Hier noch ein interessanter LinK dazu: Homepage von Lutz Hülße 
Vielleicht hilft dir das weiter.

Viele Grüße
Achim


----------



## F(r)ischling (16. September 2012)

*AW: Feederrute nur welche?*

hallo 
Laut den beiträgen hier bin ich hier richtig!
ich hoffe ihr könnt mir helfen den welche feederrute hat einen sehr starken blank und eine mittel sensiebele spitze woran man die bisse erkennen kann ich denke so an ein WG bis 80 oder 100 gramm und am liebsten 3,30 - 3,60 m sollte nicht direkt eine heavy feeder sein.
da viele verkäufer im laden einfach nur kohle machen wollen ohne auf den wunsch des käufers einzugehen melde ich mich hier um eine antwort zu bekommen.
( was ich speziell meine ist das der rutenblank beim auswerfen von 45 gramm method feederkorb incl. futter also ca 70 gr. sich nicht durchbiegt die spitze darf ja ruhig nachgeben )

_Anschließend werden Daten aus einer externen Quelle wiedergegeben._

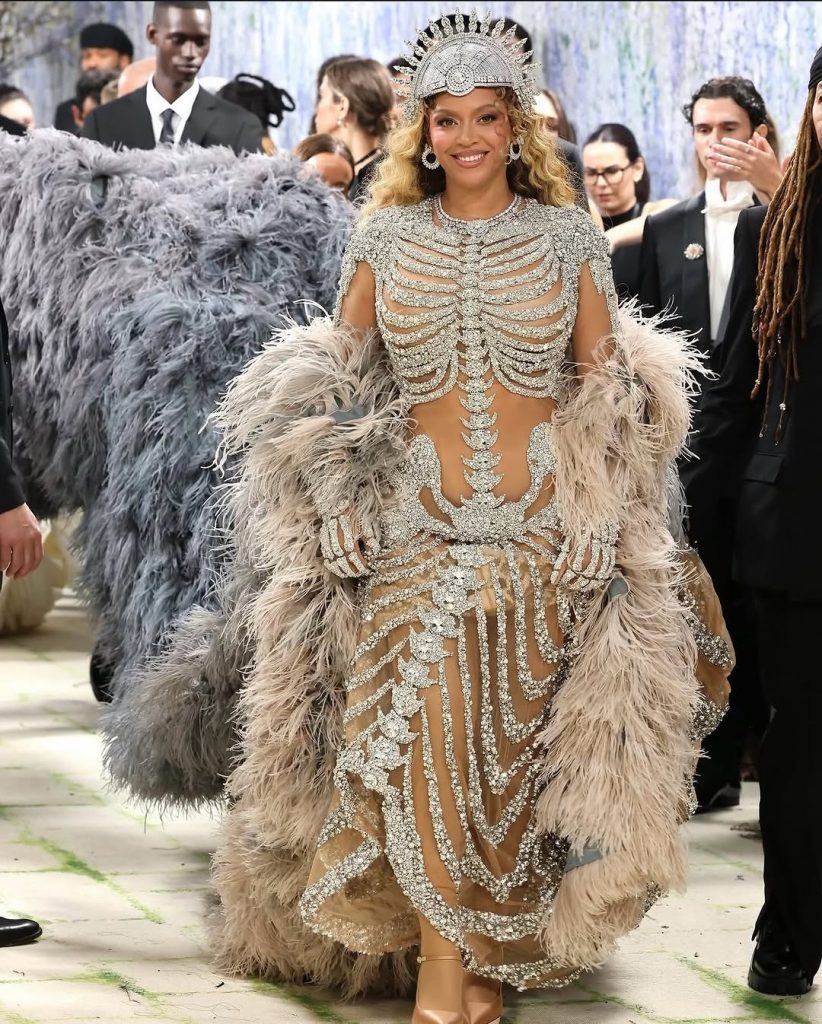 Met Gala 2026: Beyoncé, Jay-Z e Blue Ivy dominano il red carpet 3 Met Gala 2026: Beyoncé, Jay-Z e Blue Ivy dominano il red carpet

würde mich über plausieble antworten freuen .


----------



## D123J (16. September 2012)

*AW: Feederrute nur welche?*

Nimm doch mal das Jenzi Artini Multitool - Medium in die Hand. 
Das hat ziemlich gute Bewertungen und mit einem WG bis 75 Gramm passt es genau in dein Anforderungsprofil


----------



## Marc R. (16. September 2012)

*AW: Feederrute nur welche?*

Moin,
die Daiwa Windcast Feeder passt auf dein Profil. Gibt es ab 3,30m, 120g WG (wirft 80g wunderbar, 100g gehen auch noch) und hat 'ne semiparabolische, also keine durchgehende Aktion. Kostet zwischen 90 und 120€ im Netz, je nach Ausführung.


----------



## F(r)ischling (16. September 2012)

*AW: Feederrute nur welche?*

vielen dank schon mal euch beiden für die antworten .#6

beides sehr interessante ruten werde sie mir mal im laden agucken und fühlen müssen .

thx


----------



## Dunraven (16. September 2012)

*AW: Feederrute nur welche?*

Schau Dir auch mal die King Feeder all Seasons von Browning an.
Aber sensible Spitze, die kann man ja beim Feedern austauschen um die so sensibel wie nötig zu haben. Sprich Du kannst Spitzen für jede Rute dazu kaufen in der "Stärke" die Du willst.


----------